I released a number of changes to my projects workflows, making sure I had released them as a new dll version in the GAC. The workflows use a DelayActivity to “sleep” for about four hours, before waking and checking if the due dates of the tasks involved are out of date. If so, then an email is sent to the task owner. After I released the new workflow version, new workflows instances would start fine, but after the four hour delay, an ominous error was found in the Workflow History and now email escalations occurred:
“Workflow Failed to run”.
Checking the ULS log, there was also the following error:
“OWSTIMER.EXE (0x07EC) 0x0E58 Windows SharePoint Services Workflow Infrastructure 98d8 Unexpected System.NullReferenceException: Object reference not set to an instance of an object. at Microsoft.SharePoint.Workflow.SPWorkflowManager.RunWorkflowElev(SPWorkflow originalWorkflow, SPWorkflow workflow, Collection`1 events, SPRunWorkflowOptions runOptions)”
A quick Google search brought up this old Microsoft Blog post where a number of users where experiencing the same problems. Although the bug has been fixed in later hotfixes and service packs (which my system already had), one of the causes stood out as the reason for my problem. That is; when releasing new versions of code into the GAC, the timer service is still using old versions which are non existent and so it falls over.
One recommendation to prevent this problem is to restart the Timer service, which is fine, but it doesn’t fix the workflows already running which are experiencing the problem. However, reading through the blog someone mentioned being able to view the status of the timer jobs in the content database using the following SQL command:
SELECT * FROM ScheduledWorkItems Where id = ’20EF2AC4-64D1-47E4-91C1-4E5F4BFC7CD4′ – where this is the problem workflow ID.
When you run this command, you will notice the DeliveryDate. This is the time the system will wake up the workflow. There is also the column “InternalState” which for problem workflows seemed to always be set to “9″ and for ok workflows set to “8″.
Using a broken test workflow, I did some hacking around, and changed the internal state value of the problem workflow to 8, and set the DeliveryDate value to sometime shortly in the future. I also, noted that the time originally in this field was 1 hour behind what I expected, and assume this is because I am running under GMT +1 timezone.
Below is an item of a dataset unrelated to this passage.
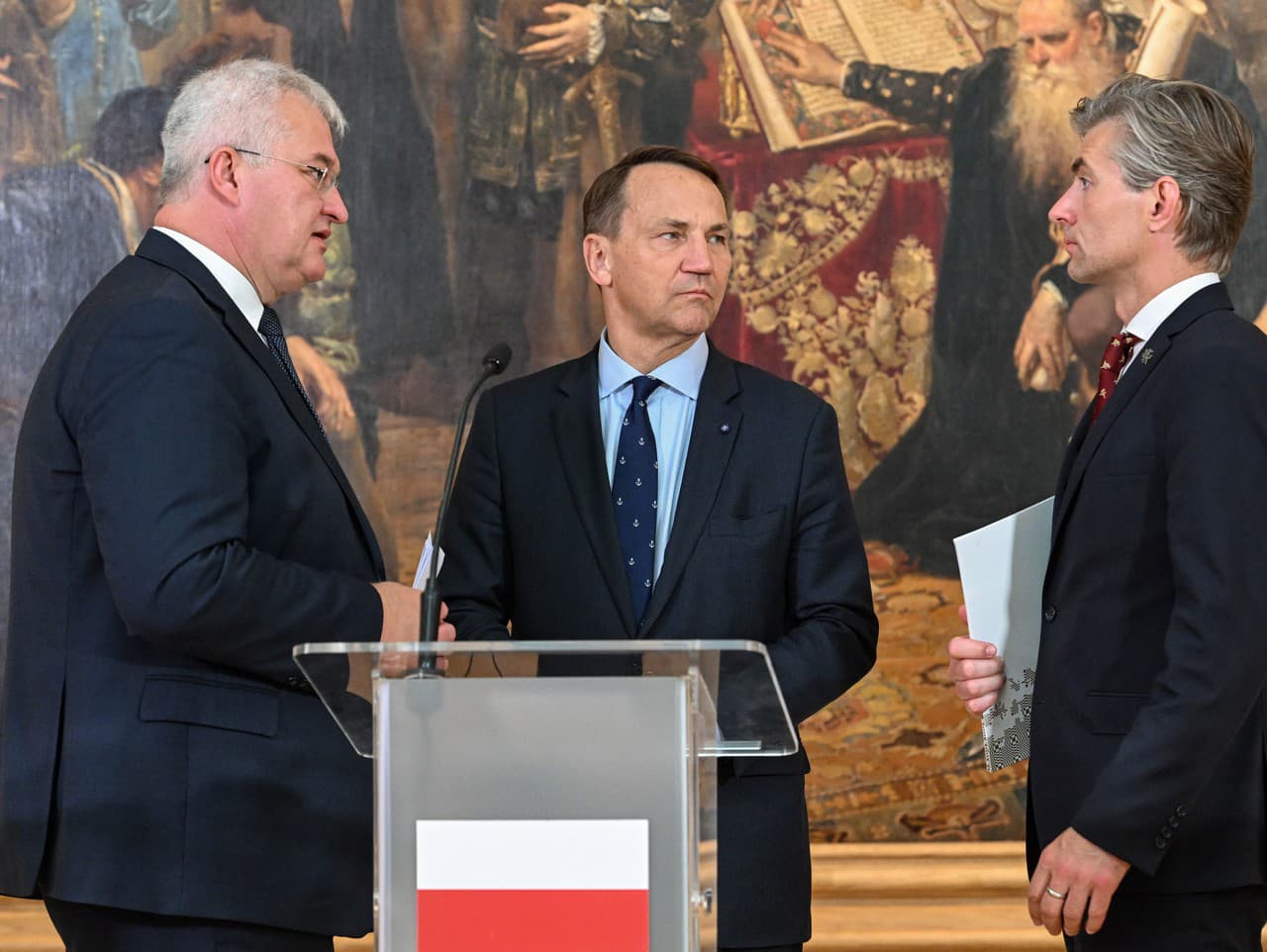 Ministri zahraničných vecí zľava Andrij Sybiha (Ukrajina), Radosław Sikorski (Poľsko) a Kestutis Budrys (Litva) počas tlačovej konferencie v Lubline v stredu 16. júla 2025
Therefore I set the DeliveryDate to be one hour behind the time in the future, or else I would be waiting another hour longer than I expected! Hope that makes sense!
I then restarted the Timer service on the SharePoint server and low and behold, the problem workflow shortly “woke up” and did its job as expected when the DeliveryDate time had passed.
I changed all the other problem workflows in the same way and they all came back to life with no problems.
I have now made sure I have amended my deployment procedures of new workflow versions to restart the timer service so this problem shouldn’t happen again.